I would consider the traditions and classics that would feature on plenty of tables this Christmas. Cakes, Pudding & Tarts all love the boozed dried fruit medley, if it’s on your list, now is the time.
The tradition of dried fruit includes the polarizing mixed peel.
So let’s talk about Mixed Peel.
Halfway along the cooking aisle, next to the apricots & flaked almonds, seeing that it’s listed in the recipe means we need it right? Well all dried fruits are dried, to preserve them, for a longer shelf life, and luckily for us, a whole new flavour dimension as well.

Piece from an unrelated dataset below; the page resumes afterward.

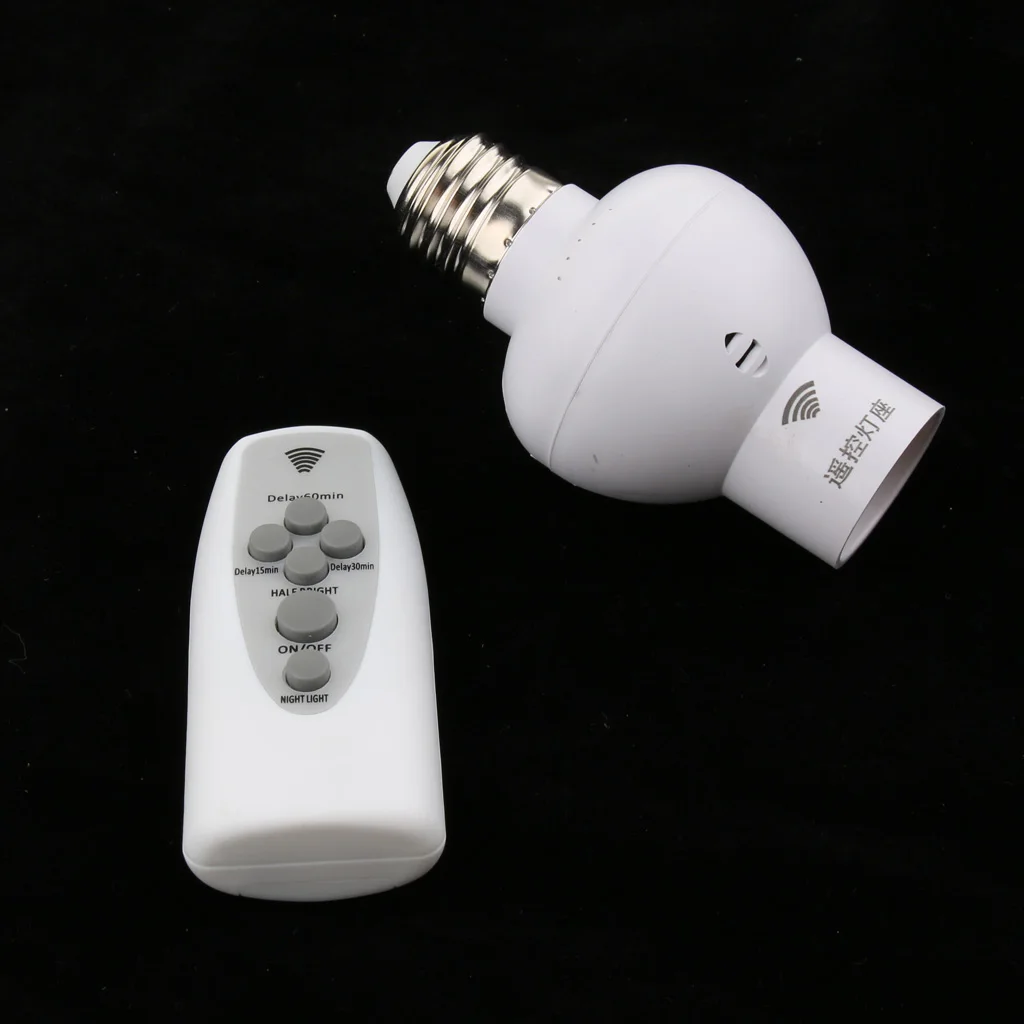 Dimmable Wireless Remote Control Bulb Holder Socket E27 On/Off Switch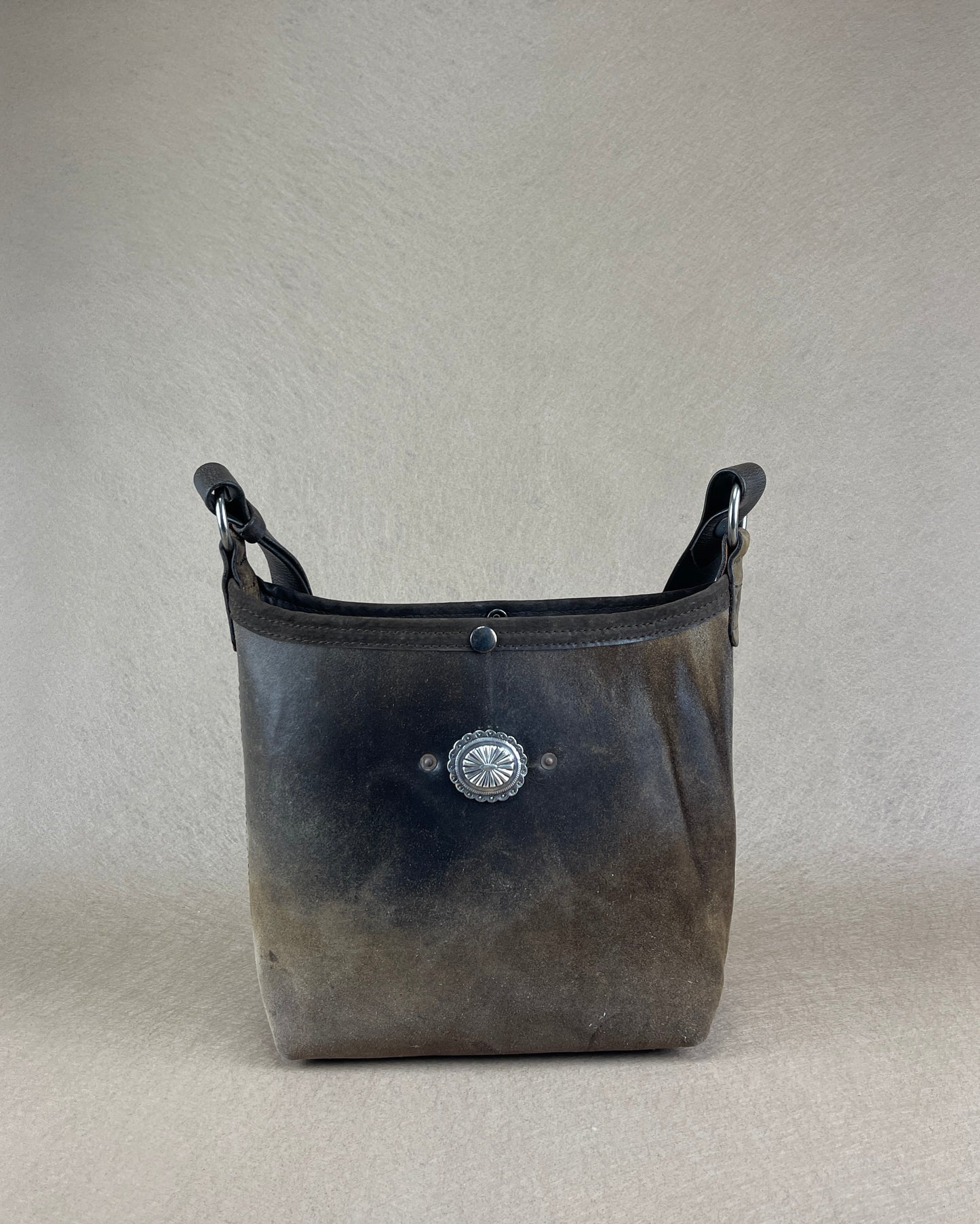 Bucket - Weathered Vintage Chaps Leather with Conchos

Concentrated fruit sugars, mellowed tang and a chewy texture makes dried fruit just as attractive as fresh fruit for snacks and cooking. This mixed peel debate, I understand. The mass produced version can be horrible. Machinery and accountants don’t care about the amount of bitter pith included, not to mention being dried so much that it’s more like bullets of diced lemon pucks, that need plenty of soaking to make it at least palatable. Those shriveled citrus pellets can be avoided, and everyone can munch on their happy way.

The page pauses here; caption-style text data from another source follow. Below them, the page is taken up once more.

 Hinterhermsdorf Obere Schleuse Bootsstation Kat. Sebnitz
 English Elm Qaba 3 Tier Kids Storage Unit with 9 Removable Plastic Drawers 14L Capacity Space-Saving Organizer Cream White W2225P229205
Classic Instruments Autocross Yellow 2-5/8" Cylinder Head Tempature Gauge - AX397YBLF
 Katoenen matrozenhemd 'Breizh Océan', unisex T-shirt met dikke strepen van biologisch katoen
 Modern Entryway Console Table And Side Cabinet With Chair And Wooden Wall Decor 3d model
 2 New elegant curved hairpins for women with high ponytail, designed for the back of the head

Making mince tart filling, including tart granny smith apples is a mild balance with the spice, brown sugar & fat raisins, so to bring in the acid, freshly zested oranges & lemons like the bells of St Clements will become much more fragrant, along with the juiced insides to soak in to the fruit for a month of so before using. I’m also a marmalade fan, and love a surprise bag of Seville oranges to fall on my doorstep (hint hint) for a magnificent batch of golden sweet spread. I make so much that it makes sense to use in cooking as well, and I have over the years included the marmalades into the fruit mince. First I warm the marmalade and sieve it to remove some of the clear fruit syrup to use to glaze Christmas cakes after baking, and the rest of the marmalade goes into the cake batter, or the mince tart filling. The peel is always thin, because I have hand peeled that fruit, and it’s been tenderized through the method of cooking, with all the flavour included, and no mouth puckering lemon bullet pieces would dare compete.
If you truly can’t bear mixed peel, cranberries & dried pineapple have a delicious tang and make for a special yours only tradition for baking & gift making.

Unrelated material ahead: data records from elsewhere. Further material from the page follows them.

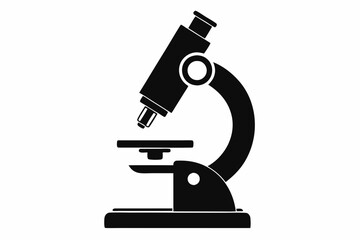 microscope line art silhouette vector illustration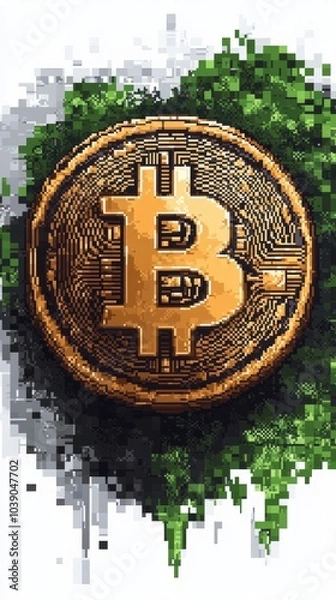 Fototapeta Pixel art depiction shows a Bitcoin symbol coin on a green and gray abstract background with a textured appearance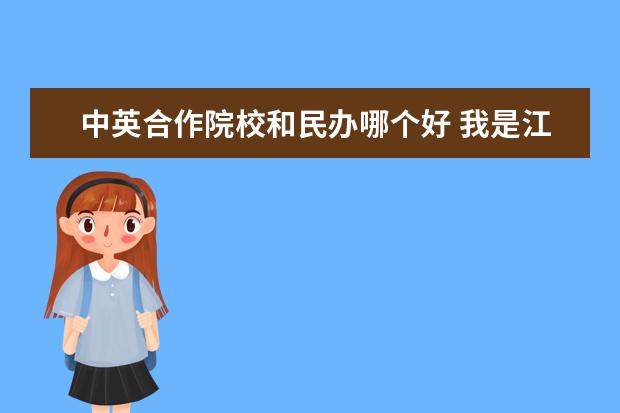 中英合作院校和民办哪个好 我是江西的一名在校大转生,学计算机网络的,想报考江...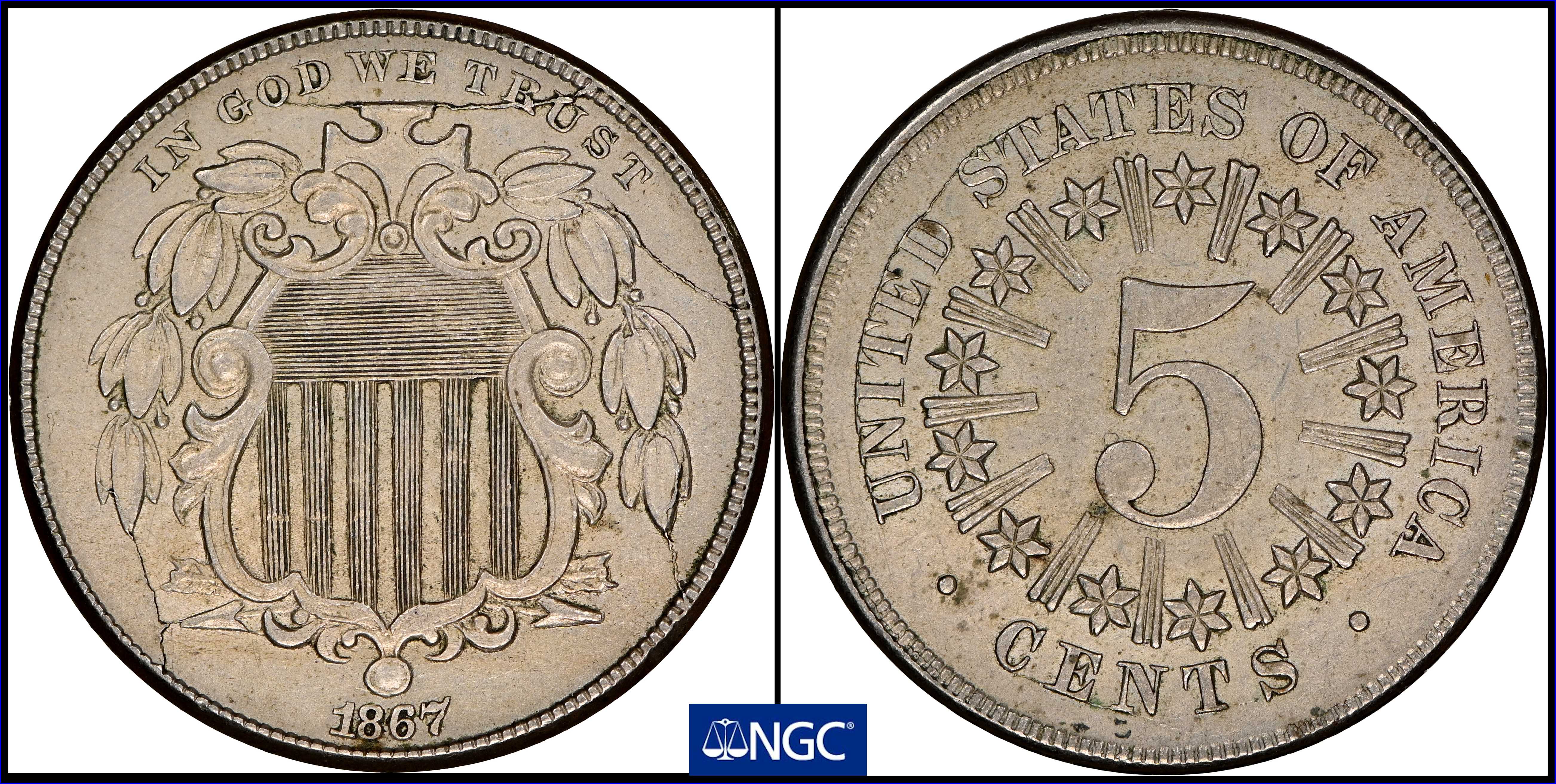 1867 5c Rays, MPD, FS-304 MS thumbnail 7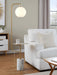 Symbol - Contemporary / Glam Floor Lamp Side Table - White Marble Lumi Source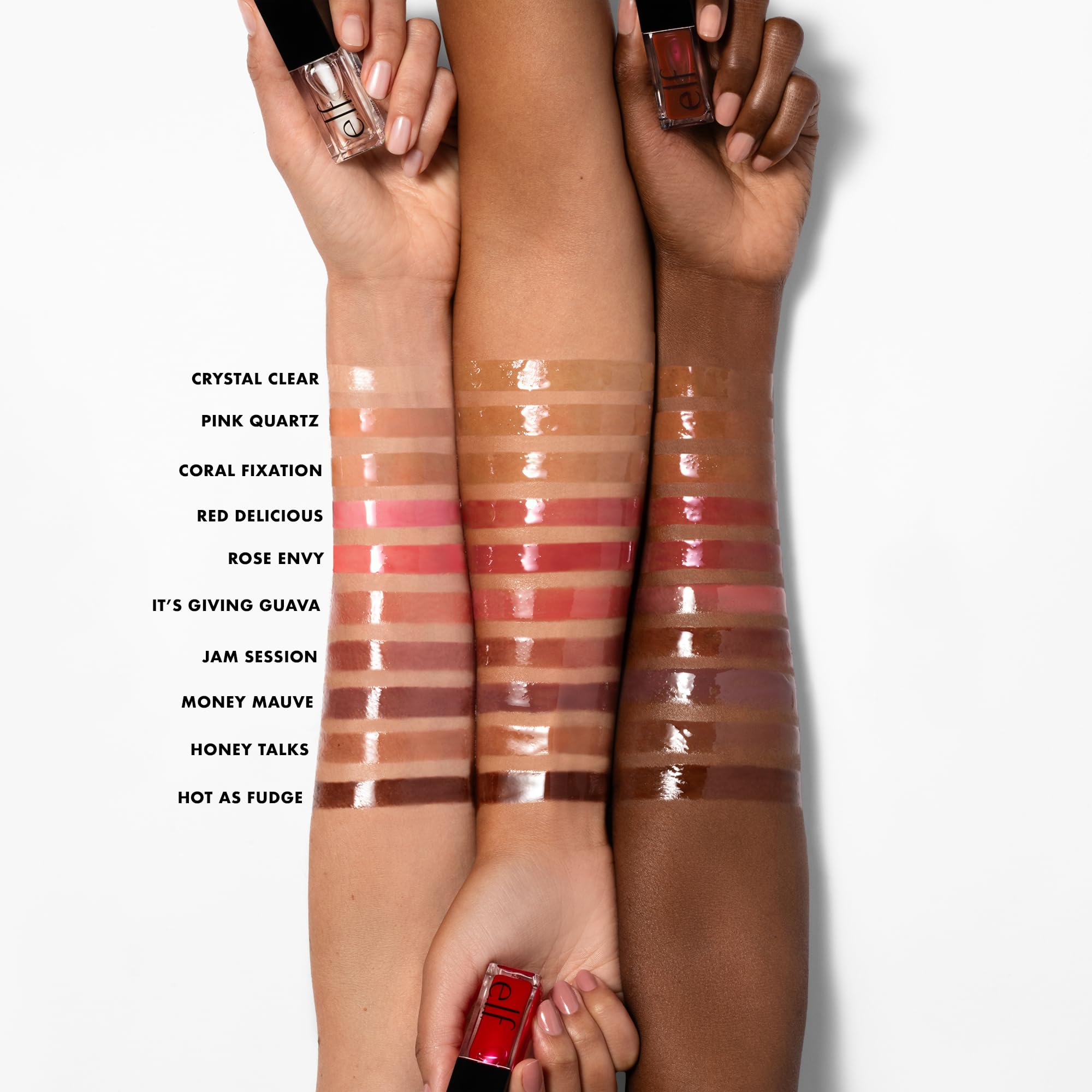 e.l.f. Glow Reviver layered over lipstick in lifestyle shot adds glossy dimension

The navel oranges are still around and good value, I’m still picking lemons from my tree, so if your October has space, get your brandy to plump up the sultanas, currants and more. Look for large golden sultanas, and Australian dried fruit if you can get it. Your tastebuds will thank you along with the Australian producers, from the farmers, the pickers, the packers and retailers. If we all win, then we all win.

Fruit mince filling
280 grams dark brown sugar
200 grams raisins
200 grams of golden sultanas
2 Granny Smith apples, coarsely grated peel included
100 grams butter, melted
100 ml brandy or the oldest bottle of fortified wine that needs using up
100 grams each currants and dried sour cherries
100 grams each cranberries & apricots, finely chopped
Finely grated rind and juice of 1 orange and 1 lemon
2 teaspoons ground cinnamon
1 teaspoon each of finely grated nutmeg, ground cloves and ground ginger
Combine ingredients in a large bowl, mix well to combine, transfer to a sterile container and refrigerate for at least 24 hours and up to 8 weeks.